### Instructions to follow
Exclude the pictures and retype the entries as written.

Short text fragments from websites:
::::::::::

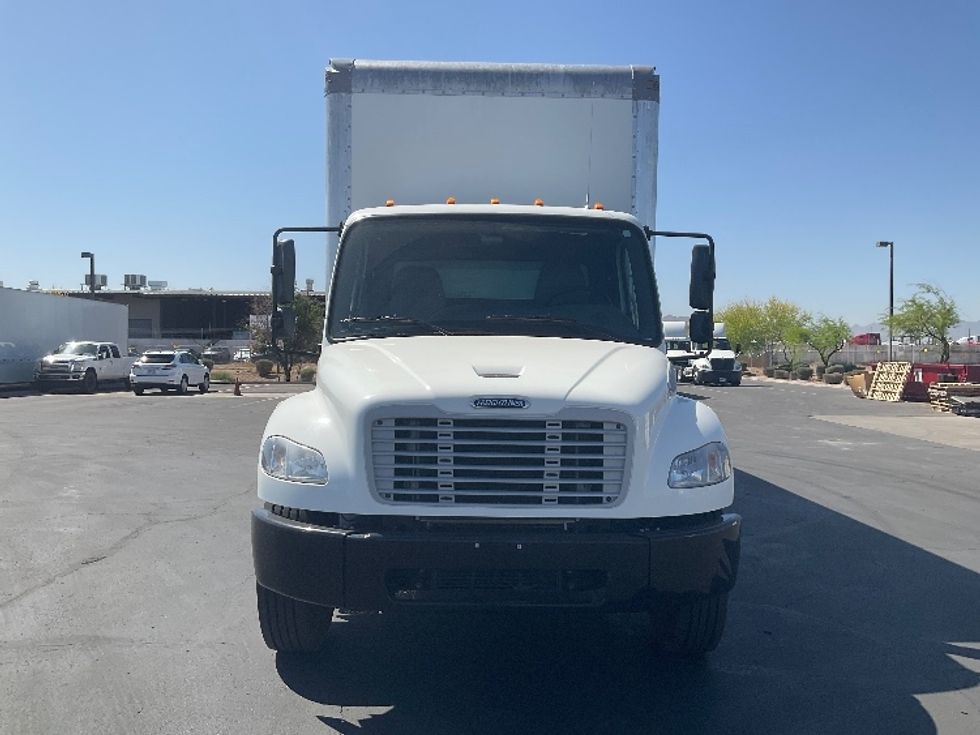 Medium Duty Box Truck-Light and Medium Duty Trucks-Freightliner-2021-M2-Phoenix-AZ-123,434\n\t\tmiles-$ 70,250 - Image 2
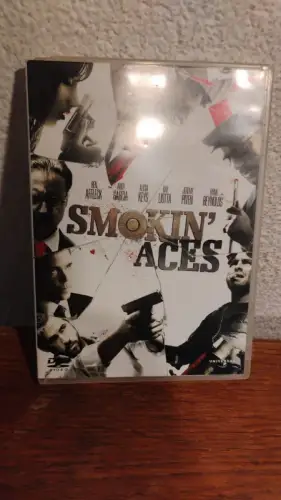 Smokin Aces (DVD) BN33068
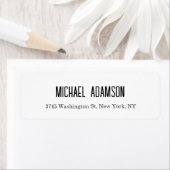 Klassisches Elegantes Schlicht Einfaches Minimalis (Insitu)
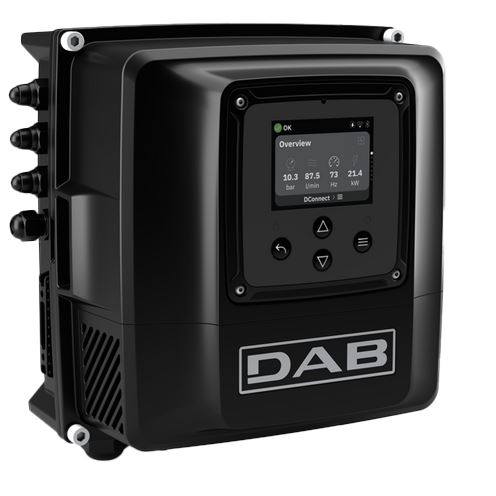 NGDRIVE 6A M/T - 1x220-240 50/60; 1,1kW frekvenční měnič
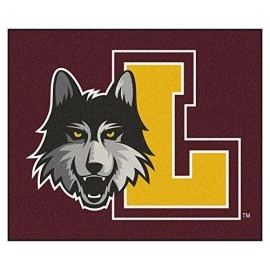 Fanmats 81 Loyola University Chicago Ramblers Nylon Tailgater Rug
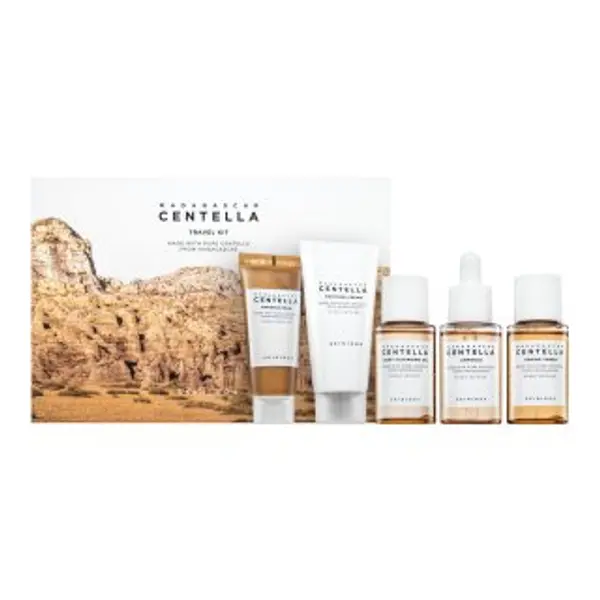 Skin1004 Skin1004 Madagascar Centella set za njegu kože Travel Kit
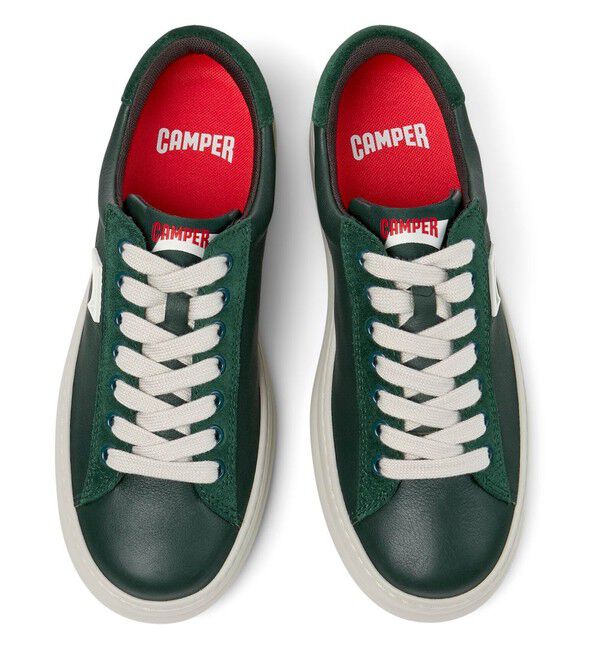 CAMPER「[カンペール] RUNNER FOUR / レザースニーカー」|スニーカー|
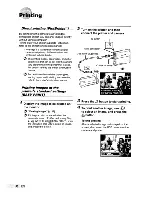 Предварительный просмотр 50 страницы Olympus Stylus 1050SW Instruction Manual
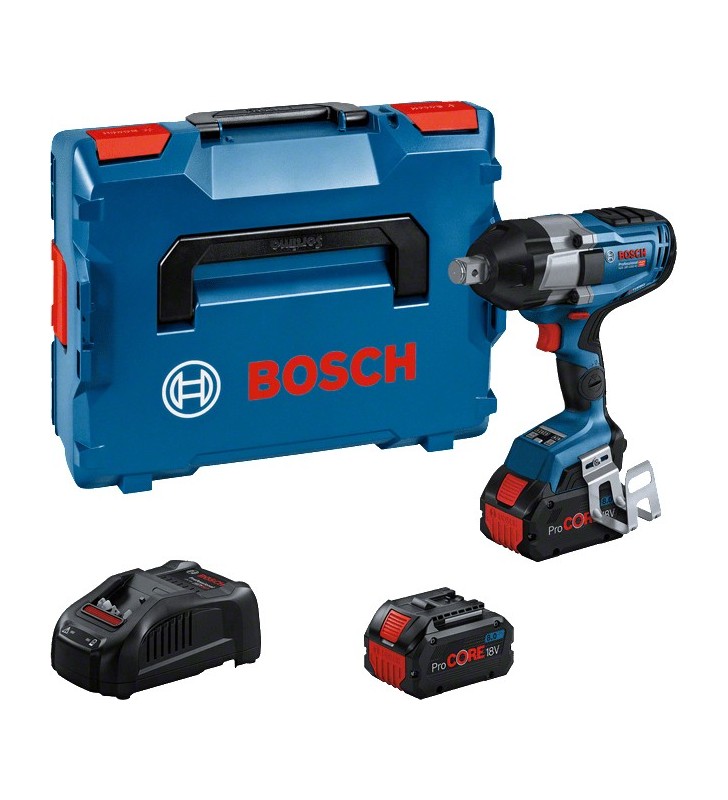 Bosch GDS 18V-1050 HC 1750 Giri/min Nero, Blu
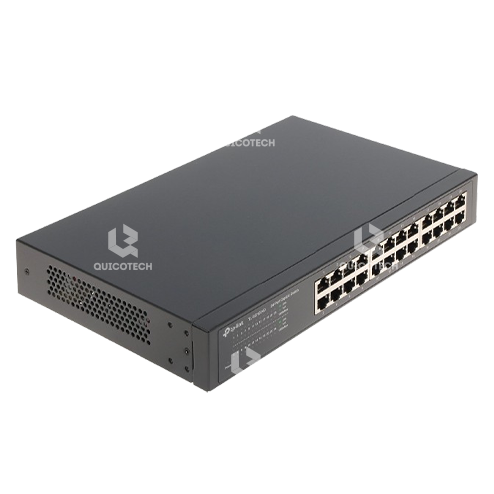 TP-LINK SWITCH TL-SG1024D 24 PORT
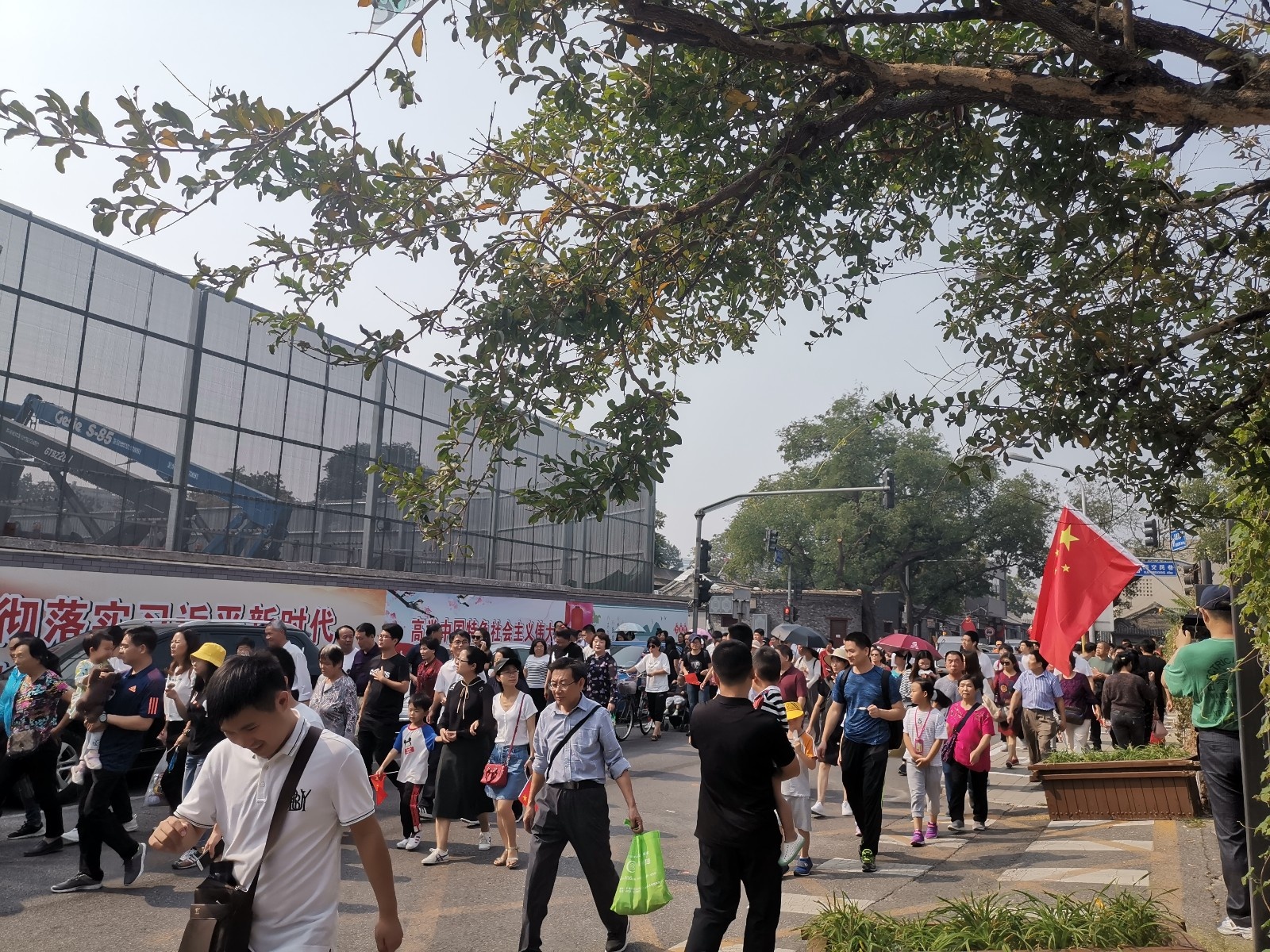 国庆旅游市场向好 你去哪里“打卡”-中国商网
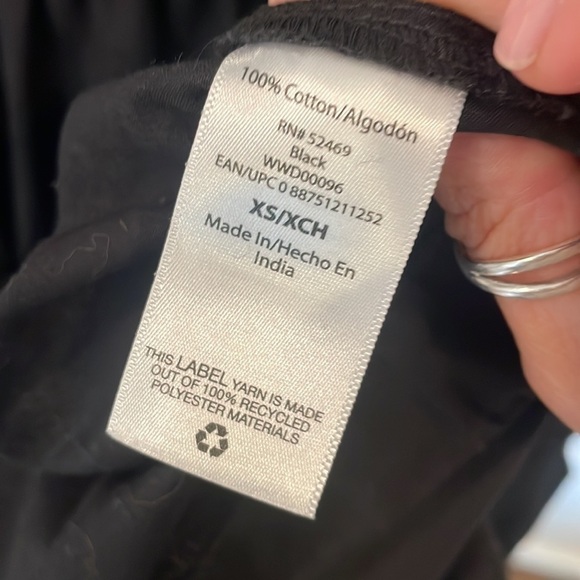 Free Assembly Tiered Maxi Dress with Shoulder Ties - Picture 8 of 8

::::::::::

### Answer section
 Medium Duty Box Truck-Light and Medium Duty Trucks-Freightliner-2021-M2-Phoenix-AZ-123,434\n\t\tmiles-$ 70,250 - Image 2
 Smokin Aces (DVD) BN33068
 Klassisches Elegantes Schlicht Einfaches Minimalis (Insitu)
 NGDRIVE 6A M/T - 1x220-240 50/60; 1,1kW frekvenční měnič
 Fanmats 81 Loyola University Chicago Ramblers Nylon Tailgater Rug
 Skin1004 Skin1004 Madagascar Centella set za njegu kože Travel Kit
 CAMPER「[カンペール] RUNNER FOUR / レザースニーカー」|スニーカー|
 Предварительный просмотр 50 страницы Olympus Stylus 1050SW Instruction Manual
 Bosch GDS 18V-1050 HC 1750 Giri/min Nero, Blu
 TP-LINK SWITCH TL-SG1024D 24 PORT
 国庆旅游市场向好 你去哪里“打卡”-中国商网
 Free Assembly Tiered Maxi Dress with Shoulder Ties - Picture 8 of 8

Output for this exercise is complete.